[Task instructions] Return the data below unchanged, without images.

[Material provided]
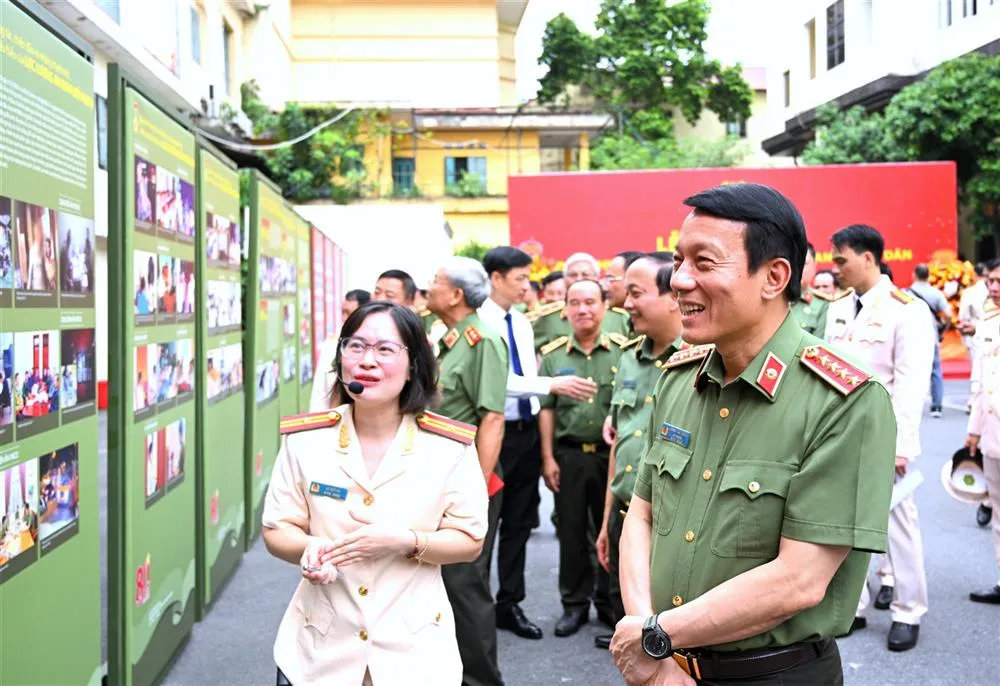 Bộ trưởng Lương Tam Quang và các đại biểu cùng nhìn lại quá trình xây dựng, chiến đấu và trưởng thành của Cục An ninh đối ngoại. Bộ trưởng Lương Tam Quang và các đại biểu cùng nhìn lại quá trình xây dựng, chiến đấu và trưởng thành của Cục An ninh đối ngoại.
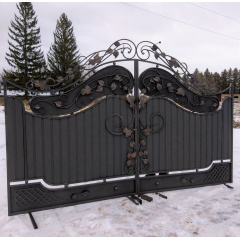 Ворота кованые масштабные с лепестками 3,6x2,3м Legran Вишневое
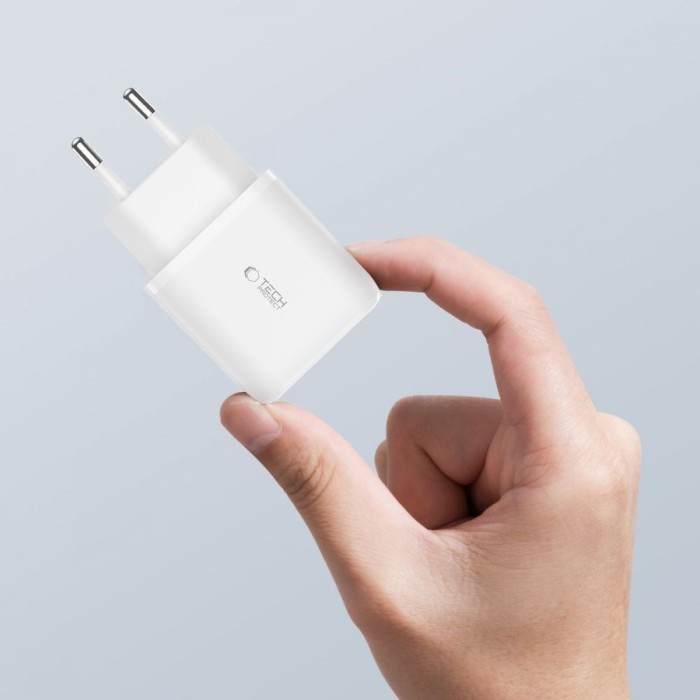 Tech-Protect C20W USB-C PD 20W / USB-A QC 3.0 charger with USB-C / USB-C cable - white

[Answer to the problem]
 Bộ trưởng Lương Tam Quang và các đại biểu cùng nhìn lại quá trình xây dựng, chiến đấu và trưởng thành của Cục An ninh đối ngoại. Bộ trưởng Lương Tam Quang và các đại biểu cùng nhìn lại quá trình xây dựng, chiến đấu và trưởng thành của Cục An ninh đối ngoại.
 Ворота кованые масштабные с лепестками 3,6x2,3м Legran Вишневое
 Tech-Protect C20W USB-C PD 20W / USB-A QC 3.0 charger with USB-C / USB-C cable - white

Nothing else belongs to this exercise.